Oher declined to discuss any specifics about his decision to file court papers August 14 against the Tuohys, portrayed in the 2009 film by Sandra Bullock and Tim McGraw. Oher said in his court papers that despite having “no known physical or psychological disabilities,” he was deceived into signing conservatorship papers when he was 18 after he had been living with the Tuohys at their Memphis house for more than a year. He unknowingly gave away his rights to sign contracts and to make education and medical decisions to the Tuohys, believing the conservatorship papers were part of his adoption process, according to his court papers filed in Shelby County Tennessee Probate Court.

On August 21, Oher filed a petition with the court demanding a judge order a formal accounting of his conservatorship, which has been in place over him since 2004, stating that the Tuohys have failed to file a single accounting in his conservatorship with the court for the last 19 years. He is demanding that the Tuohys disclose income generated by any contract they entered on behalf of Oher, as well as any income they earned for the use of his name and likeness. He is also asking the Tuohys to stop falsely claiming that Oher was their adopted son and using his name and image as part of their marketing and business ventures.

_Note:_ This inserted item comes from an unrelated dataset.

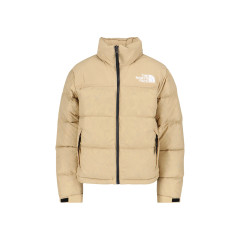 [THE NORTH FACE] Down jacket FW25 NF0A3XEOGM3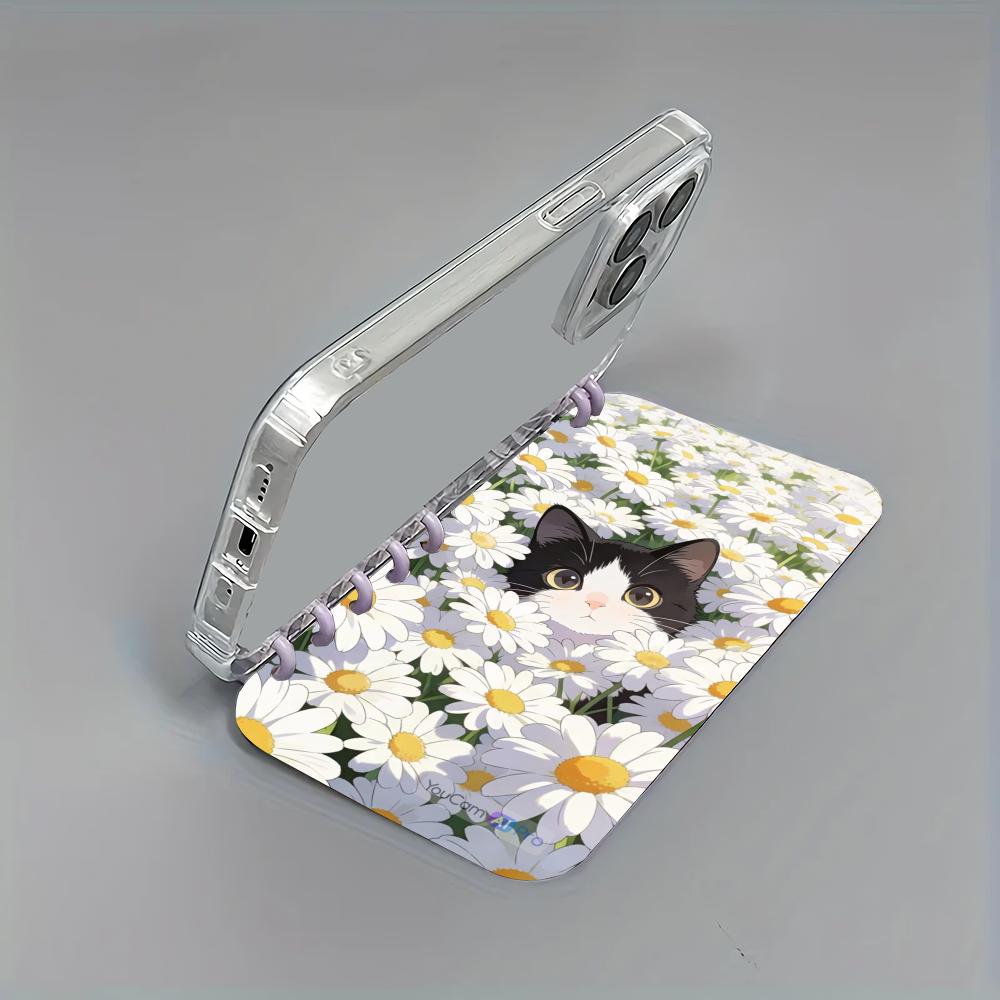 iPhone 17 16 15 için şık, darb - Phone Cases With Stand incelemesi ve fiyatı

The Tuohys have accused Oher of making his allegations merely to drum up publicity for his new book and said they had given Oher an equal cut of “every penny” received from the movie. “Even recently, when Mr. Oher started to threaten them about what he would do unless they paid him an eight-figure windfall, and, as part of that shakedown effort refused to cash the small profit checks from the Tuohys, they still deposited Mr. Oher’s equal share into a trust account they set up for his son,” Martin Singer, the attorney for Sean and Leigh Anne Tuohy, said in a statement released to Vulture.

Oher’s fans eagerly lined up to support him despite the heat and humidity, waiting for their chance in a small outdoor courtyard for him to sign their book. Todd Allen, 54, made the hour-long drive to see him. For Allen, the recent revelation about Oher’s dispute with the Tuohys was sad and disappointing, but it didn’t diminish who Oher is and all that he has accomplished.

“You can’t help but love his story,” Allen said. “It’s testimony of perseverance and overcoming obstacles.”